▶ [WHAT THE TASK ASKS] Copy out the entries that follow exactly, leaving out the pictures.

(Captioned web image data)
··········

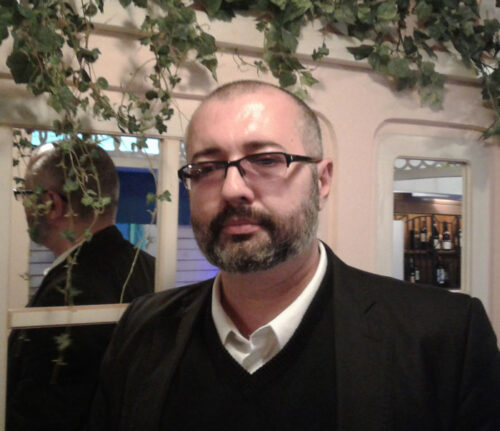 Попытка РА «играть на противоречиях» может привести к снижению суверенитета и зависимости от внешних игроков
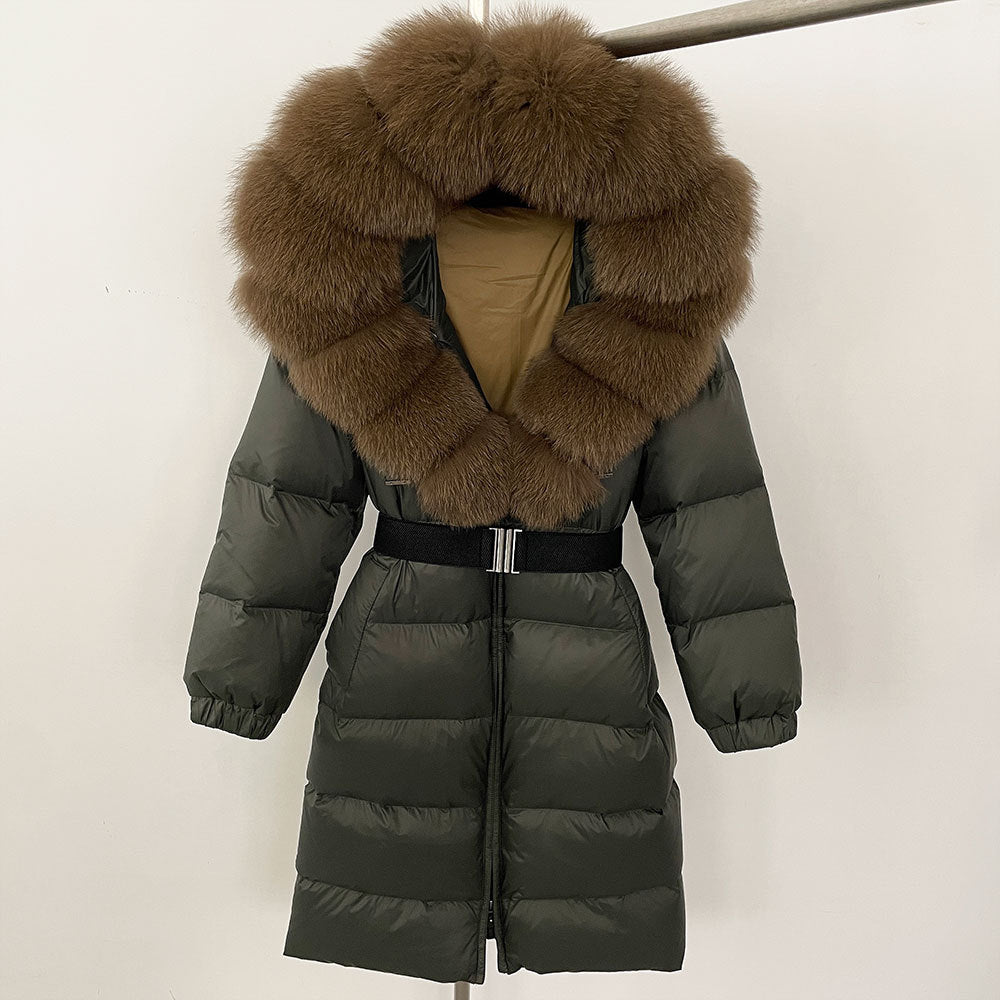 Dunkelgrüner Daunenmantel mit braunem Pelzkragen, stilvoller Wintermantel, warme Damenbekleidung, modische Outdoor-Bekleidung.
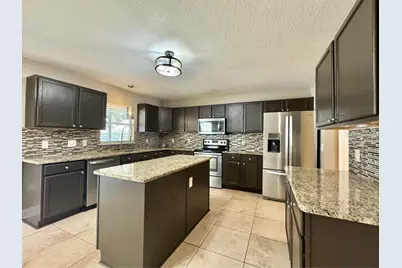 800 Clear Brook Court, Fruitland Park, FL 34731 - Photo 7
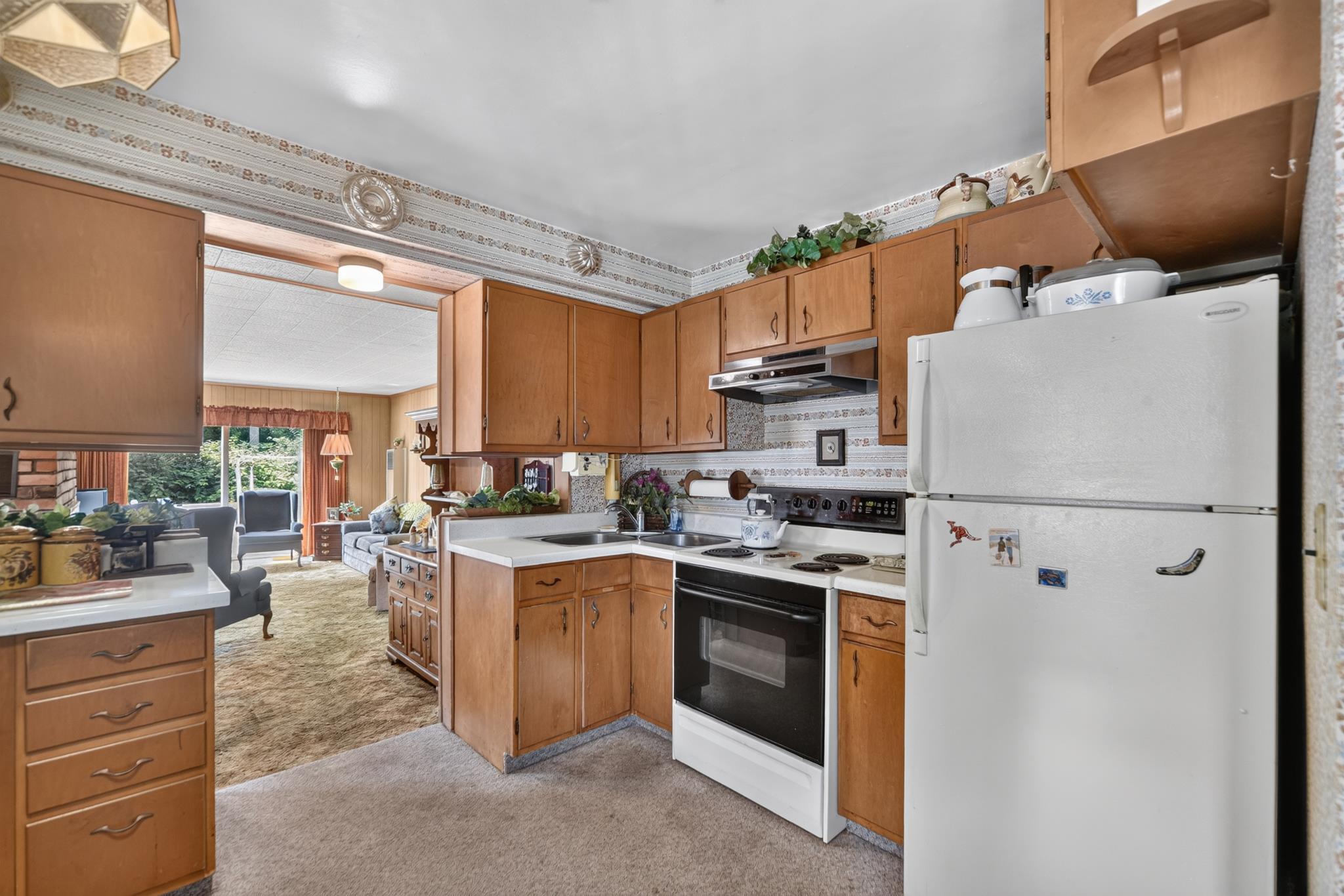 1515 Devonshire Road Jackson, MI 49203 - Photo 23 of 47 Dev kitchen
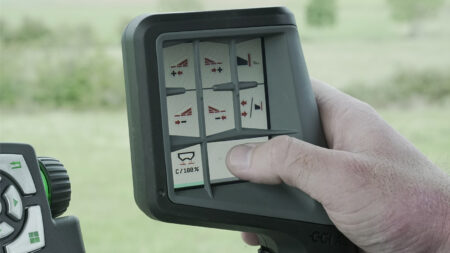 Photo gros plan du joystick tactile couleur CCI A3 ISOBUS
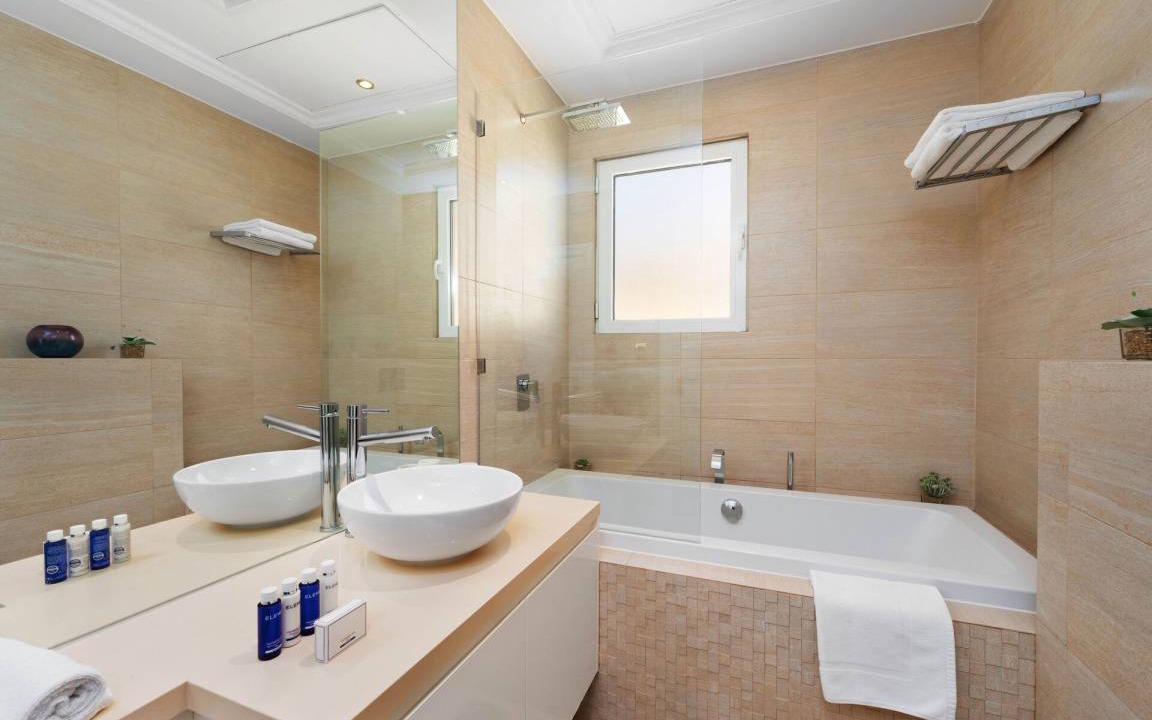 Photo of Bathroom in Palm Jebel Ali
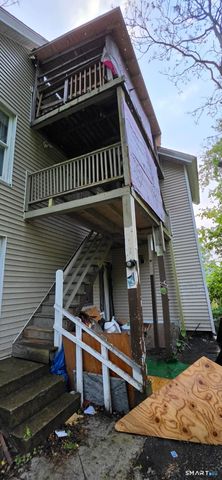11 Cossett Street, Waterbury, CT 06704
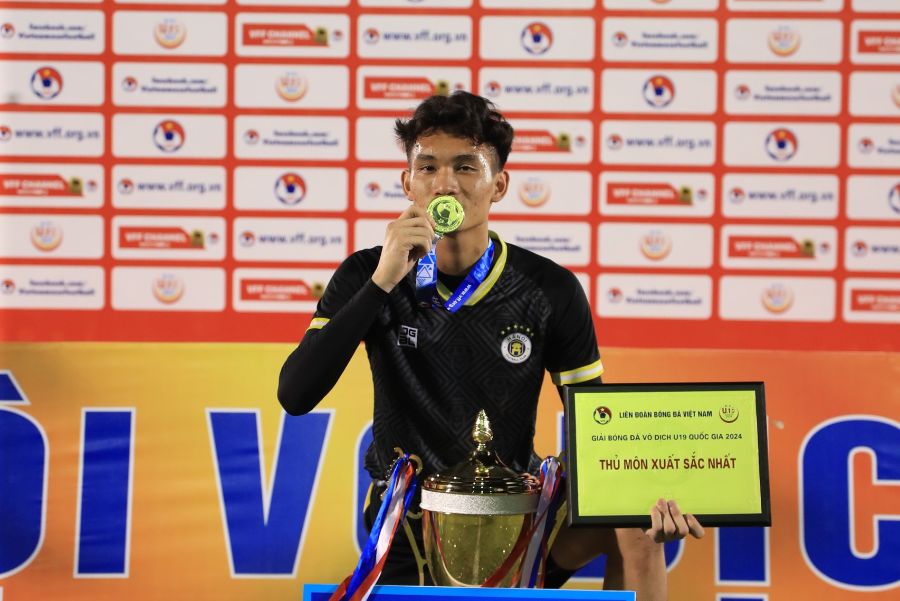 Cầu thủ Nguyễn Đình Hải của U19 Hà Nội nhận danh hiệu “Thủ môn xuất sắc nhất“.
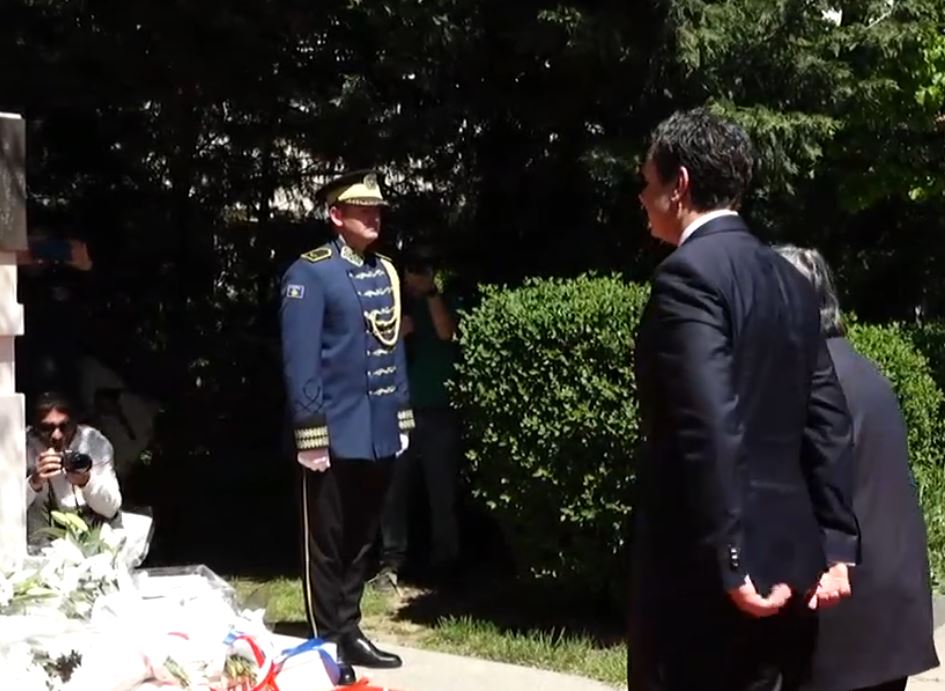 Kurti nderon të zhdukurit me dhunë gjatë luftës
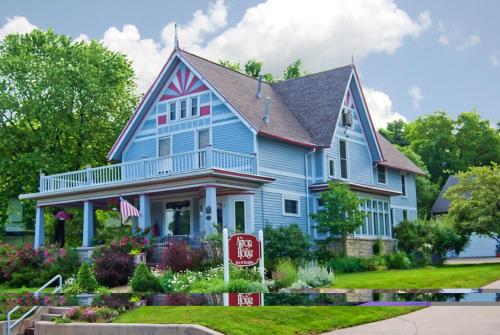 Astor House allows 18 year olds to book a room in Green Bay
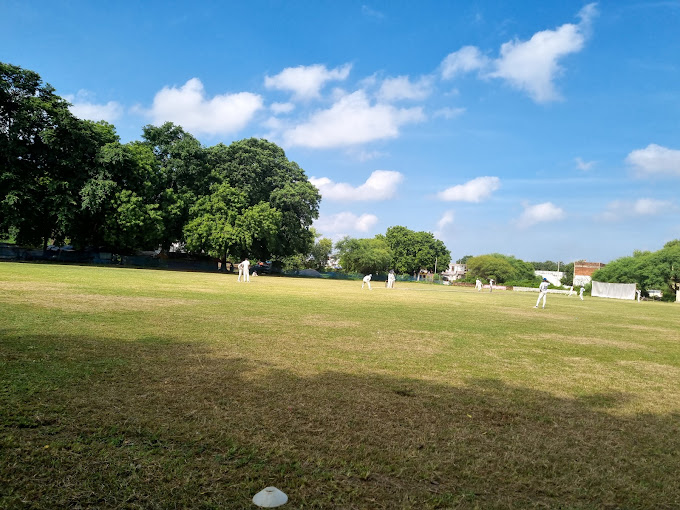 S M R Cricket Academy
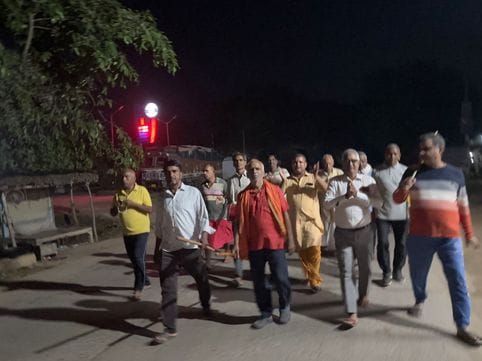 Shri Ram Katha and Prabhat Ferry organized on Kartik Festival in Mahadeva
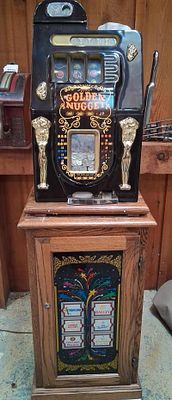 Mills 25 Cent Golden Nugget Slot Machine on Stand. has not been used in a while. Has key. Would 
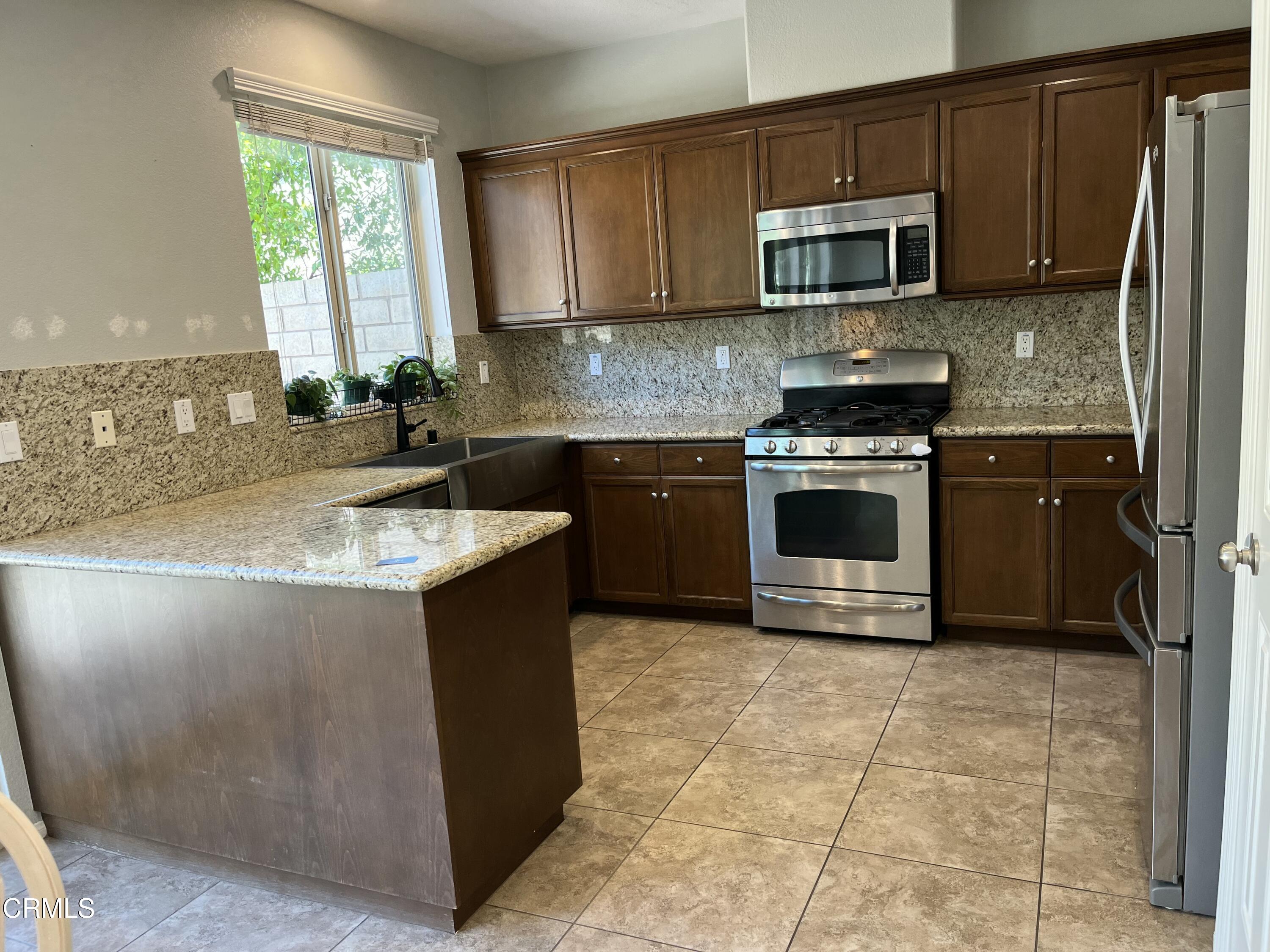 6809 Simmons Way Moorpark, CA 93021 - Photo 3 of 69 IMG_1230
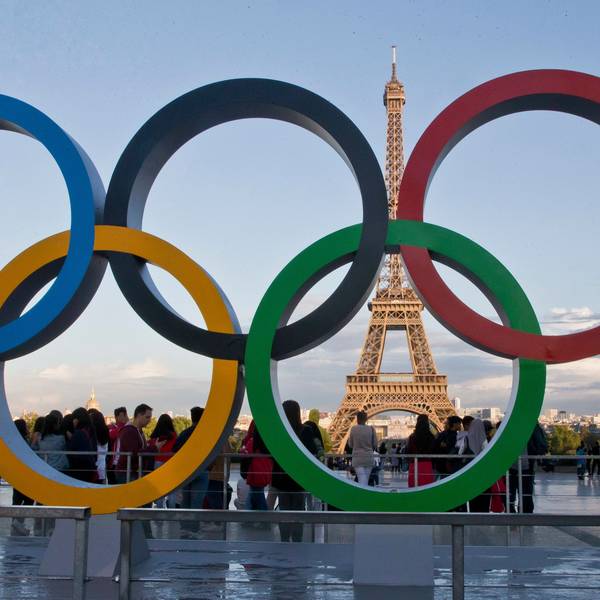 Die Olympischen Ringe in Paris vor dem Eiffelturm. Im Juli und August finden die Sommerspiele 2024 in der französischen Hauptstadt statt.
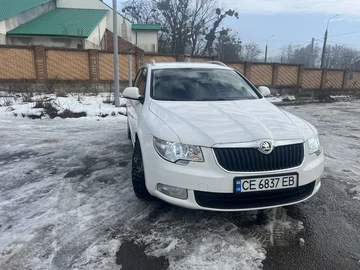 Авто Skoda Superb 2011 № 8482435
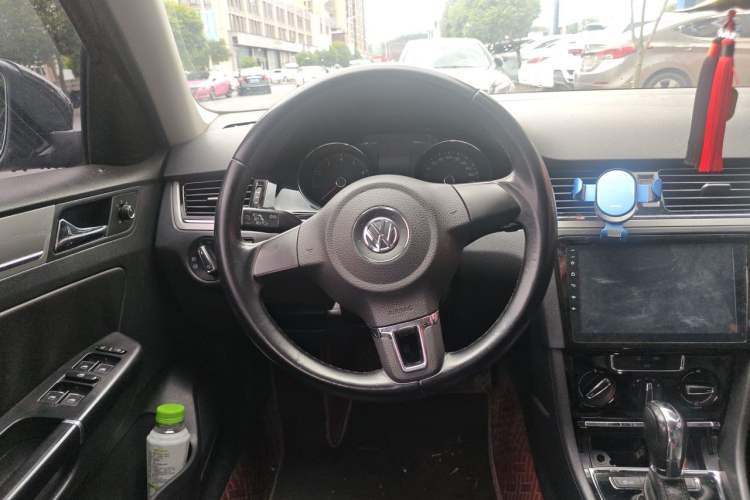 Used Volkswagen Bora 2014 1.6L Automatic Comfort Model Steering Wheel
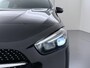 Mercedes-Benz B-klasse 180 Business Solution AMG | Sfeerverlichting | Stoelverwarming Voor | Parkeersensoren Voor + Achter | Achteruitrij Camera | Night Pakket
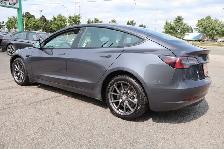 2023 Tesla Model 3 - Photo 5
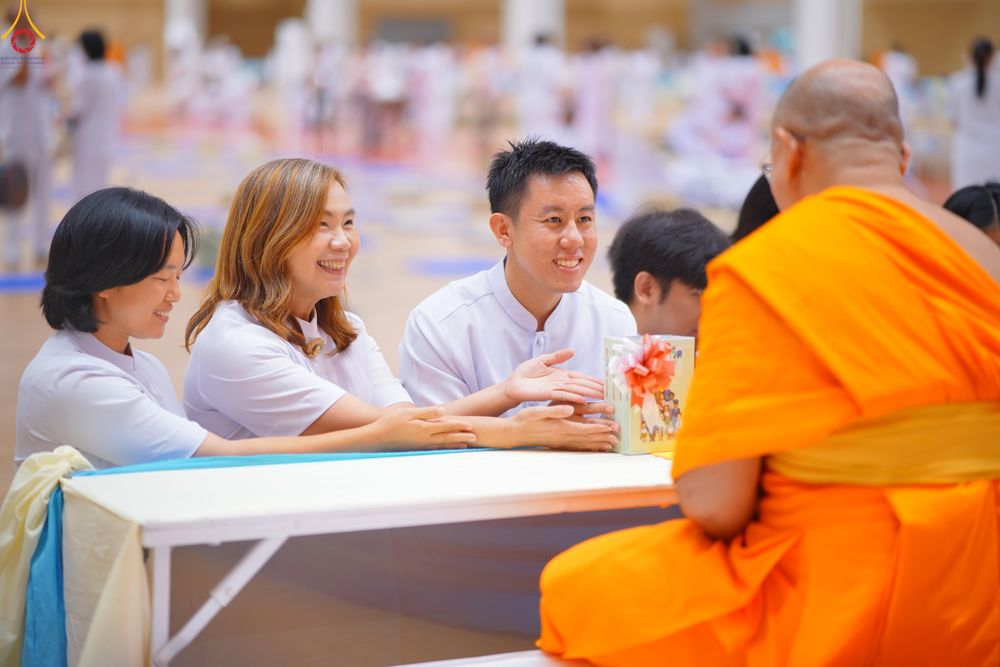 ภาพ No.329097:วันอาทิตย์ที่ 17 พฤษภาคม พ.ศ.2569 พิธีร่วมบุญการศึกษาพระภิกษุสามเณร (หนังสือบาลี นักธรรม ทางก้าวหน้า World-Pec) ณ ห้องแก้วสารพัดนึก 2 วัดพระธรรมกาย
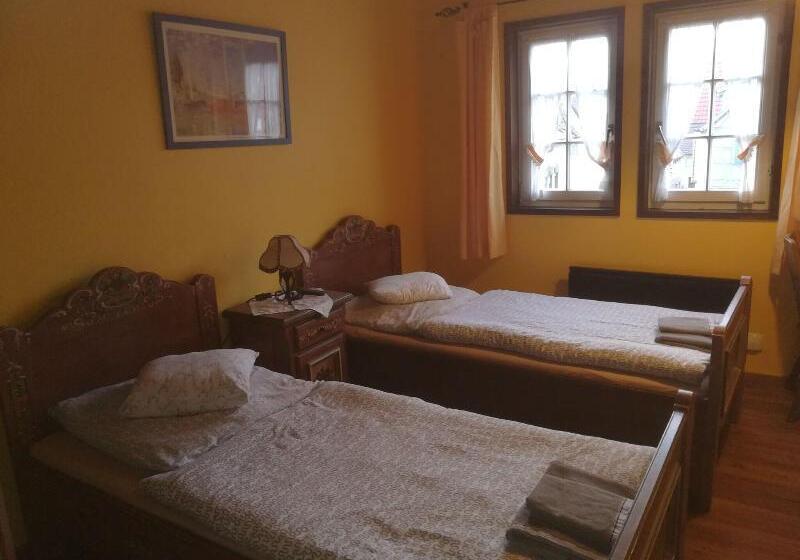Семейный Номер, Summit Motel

··········

▶ [SOLUTION]
 Попытка РА «играть на противоречиях» может привести к снижению суверенитета и зависимости от внешних игроков
 Dunkelgrüner Daunenmantel mit braunem Pelzkragen, stilvoller Wintermantel, warme Damenbekleidung, modische Outdoor-Bekleidung.
 800 Clear Brook Court, Fruitland Park, FL 34731 - Photo 7
 1515 Devonshire Road Jackson, MI 49203 - Photo 23 of 47 Dev kitchen
 Photo gros plan du joystick tactile couleur CCI A3 ISOBUS
 Photo of Bathroom in Palm Jebel Ali
11 Cossett Street, Waterbury, CT 06704
 Cầu thủ Nguyễn Đình Hải của U19 Hà Nội nhận danh hiệu “Thủ môn xuất sắc nhất“.
 Kurti nderon të zhdukurit me dhunë gjatë luftës
 Astor House allows 18 year olds to book a room in Green Bay
 S M R Cricket Academy
 Shri Ram Katha and Prabhat Ferry organized on Kartik Festival in Mahadeva
 Mills 25 Cent Golden Nugget Slot Machine on Stand. has not been used in a while. Has key. Would 
 6809 Simmons Way Moorpark, CA 93021 - Photo 3 of 69 IMG_1230
 Die Olympischen Ringe in Paris vor dem Eiffelturm. Im Juli und August finden die Sommerspiele 2024 in der französischen Hauptstadt statt.
 Авто Skoda Superb 2011 № 8482435
 Used Volkswagen Bora 2014 1.6L Automatic Comfort Model Steering Wheel
 Mercedes-Benz B-klasse 180 Business Solution AMG | Sfeerverlichting | Stoelverwarming Voor | Parkeersensoren Voor + Achter | Achteruitrij Camera | Night Pakket
 2023 Tesla Model 3 - Photo 5
 ภาพ No.329097:วันอาทิตย์ที่ 17 พฤษภาคม พ.ศ.2569 พิธีร่วมบุญการศึกษาพระภิกษุสามเณร (หนังสือบาลี นักธรรม ทางก้าวหน้า World-Pec) ณ ห้องแก้วสารพัดนึก 2 วัดพระธรรมกาย
Семейный Номер, Summit Motel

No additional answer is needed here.